(WHAT THE TASK REQUIRES)
Each line of the data below between the one containing "Chinese and American" and the one containing "Load image into", both included, is to be repeated exactly. Please omit pictures.

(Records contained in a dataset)
>>>
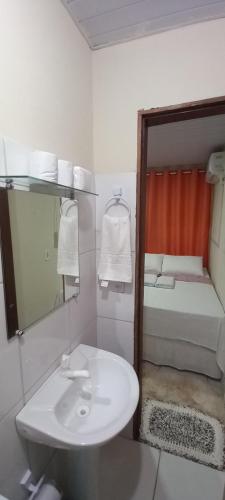 a bathroom with a white sink and a bed at Vila dos Bangalôs in Barreirinhas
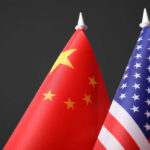 Chinese and American flags against dark background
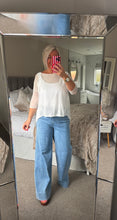 Load image into Gallery viewer, The Palma fine knit dip hem top
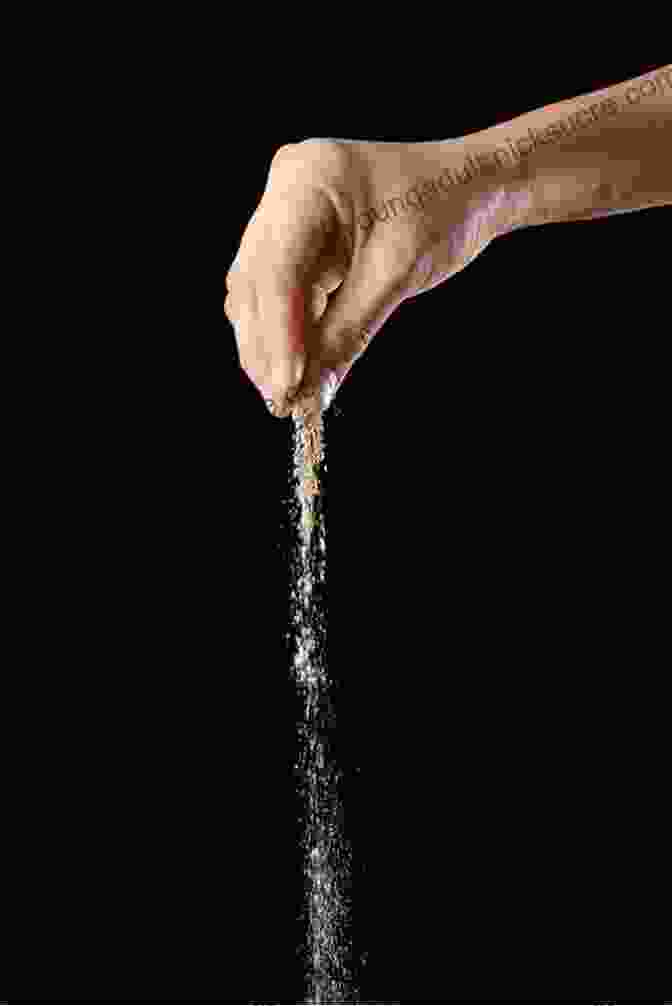 A Child's Hand Sprinkling Black Pepper Over A Dish Of Water, Creating A Mesmerizing Effect As The Pepper Particles Are Repelled By The Soap. Top 21 Science Experiments For Kids: Learn Engage And Have Fun With These Great Science Projects For Children In Elementary And Junior High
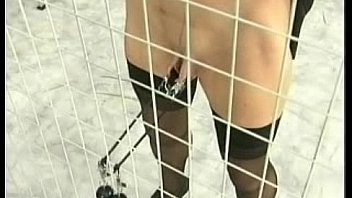Naughty girl in a jail got her big metal clamps with heavy weight on her tight pussy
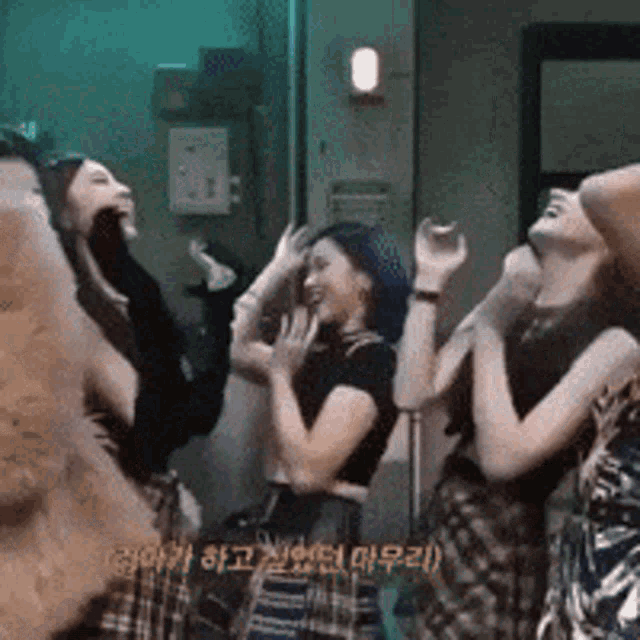 a group of young women are standing next to each other laughing and dancing .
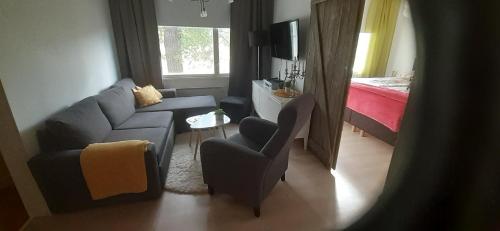 a living room with a couch and a chair and a bed at Huone Rauhallisessa Mummolassa in Kalajoki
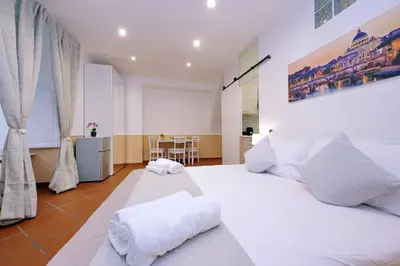 a bedroom with a large white bed with white pillows at Trevi Feddy's Apartment in Rome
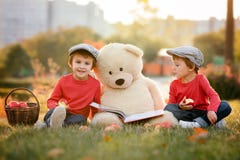 Two adorable little boys with his teddy bear friend in the park Royalty Free Stock Photos Two adorable little boys with his teddy bear friend in the park Royalty Free Stock Photos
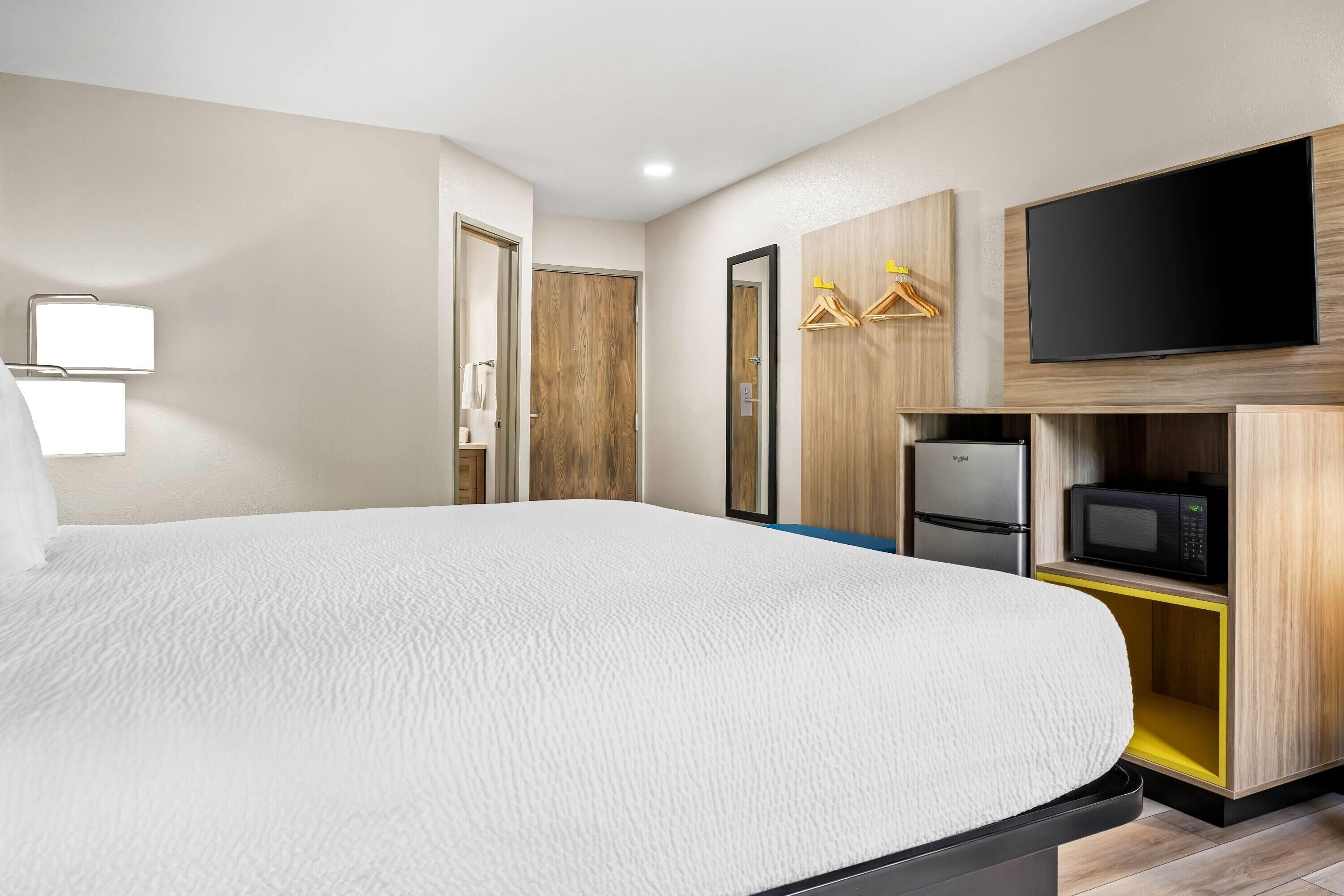 Ein Hotelzimmer mit einem großen Bett, einem Flachbildfernseher, einer Mikrowelle und Holzschränken.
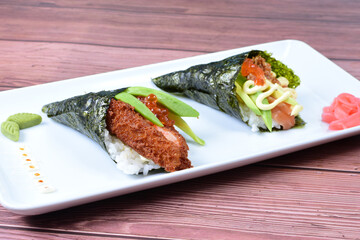 traditional japanese food, very colorful on white plate and sauce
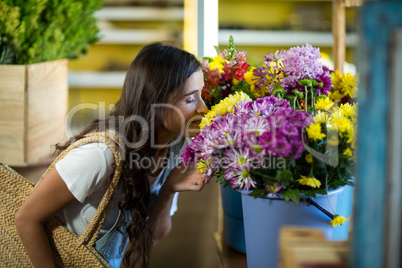 Woman smelling a bunch of flowers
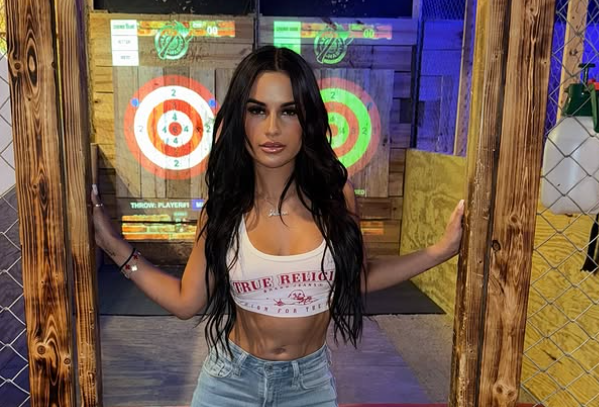 Yulissa Escobar is posing for the camera. She is standing in a doorway.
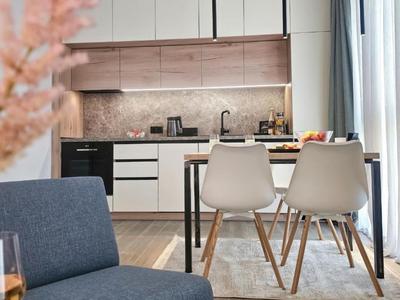 Cucina moderna open space con zona pranzo, sedie bianche e lavastoviglie integrata.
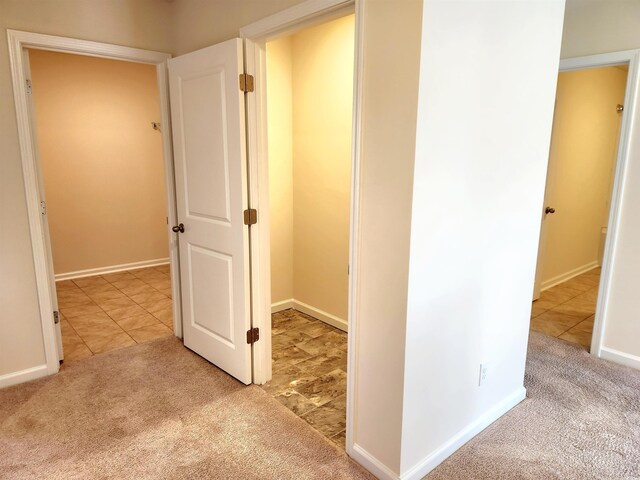 5088 Wavering Place Loop, Myrtle Beach, SC 29579 - hallway with carpet floors, baseboards, and tile patterned floors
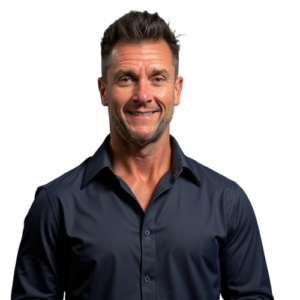 Dr_B | Neurofeedback Carolina Portrait of a smiling man wearing a navy dress shirt against a solid black backdrop.
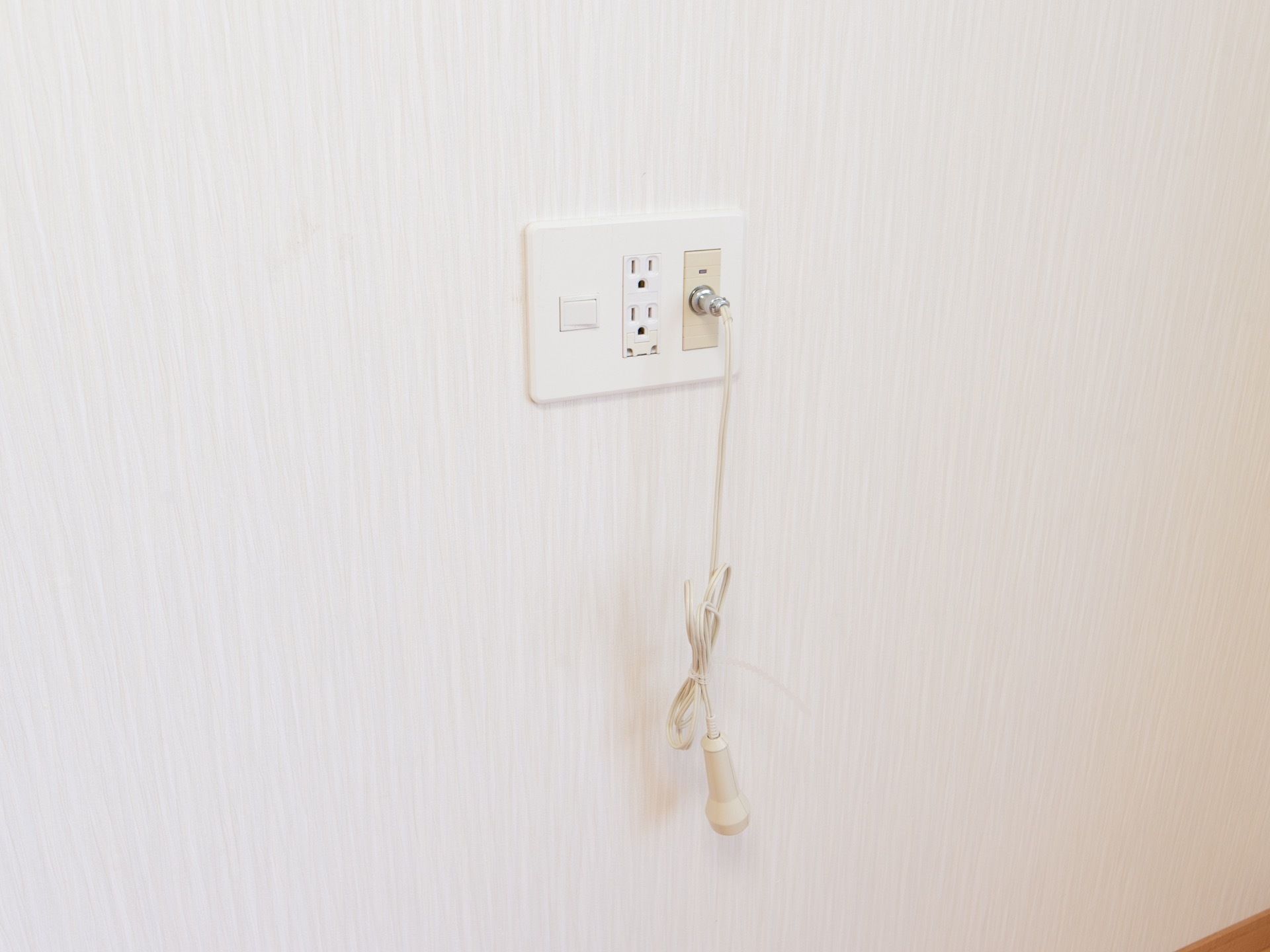 白い壁に緊急呼び出しブザーが設置されている。プラグの横には、コンセントが2口ついている。急な体調変化の際も安心である。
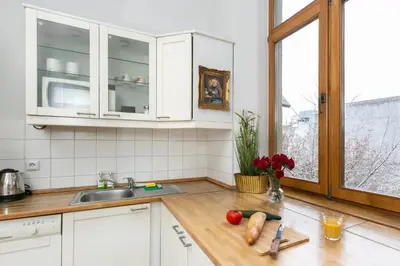 a kitchen with white cabinets and a wooden counter top at Otium Old Town Boutique in Kraków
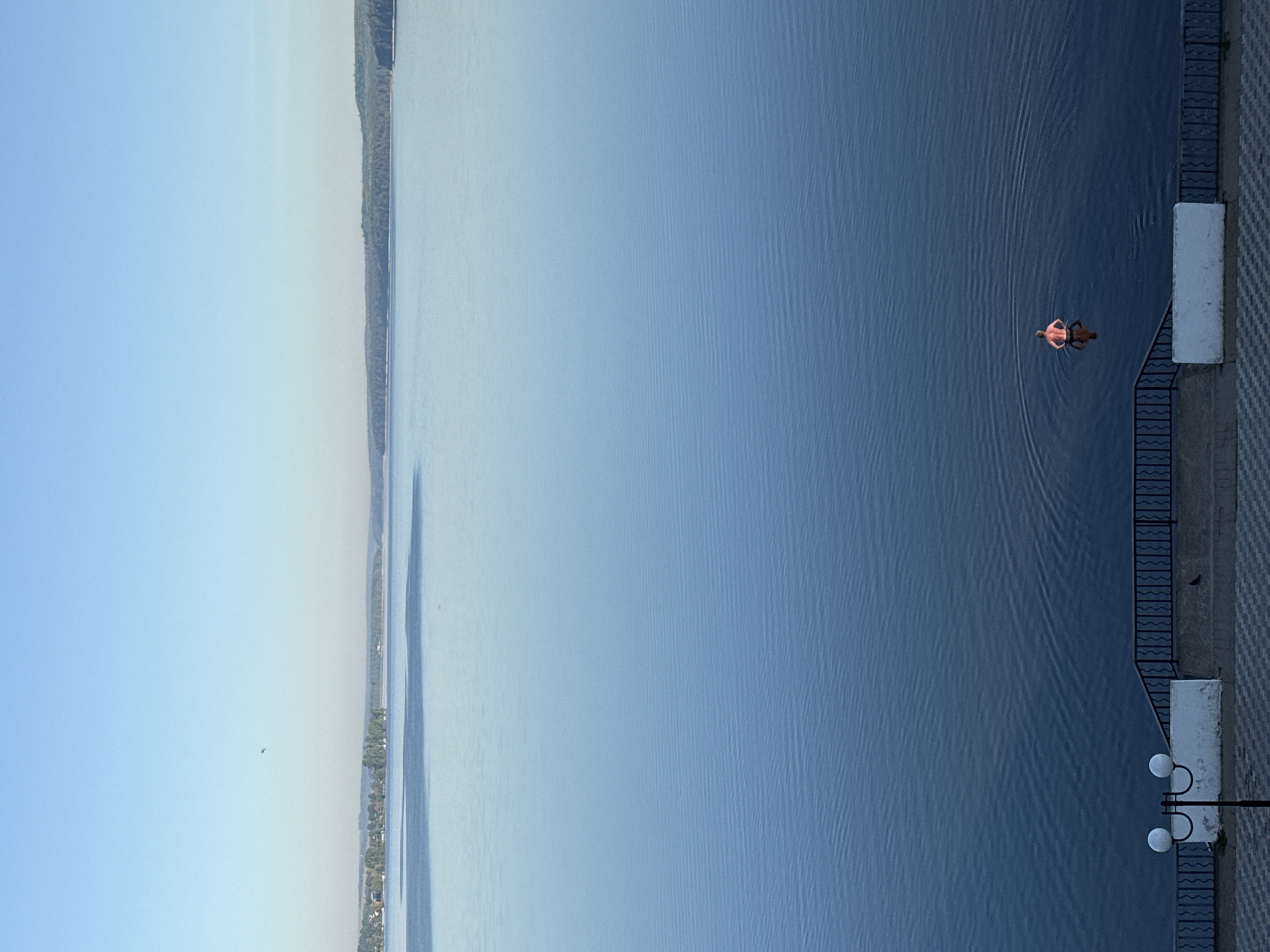 The image depicts a body of water, likely a lake or river, in Votkinsk, Russia. The water is calm, with gentle ripples and a gradient of color from light to dark blue. A person is swimming in the water, relatively close to a concrete embankment. The embankment features a black metal railing and white concrete blocks. Streetlights are visible along the embankment. In the distance, the opposite shore is visible, lined with trees and some buildings. The sky is clear and light blue.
<<<
(RESULT FOR THIS TASK)
 Chinese and American flags against dark background
 Load image into Gallery viewer, The Palma fine knit dip hem top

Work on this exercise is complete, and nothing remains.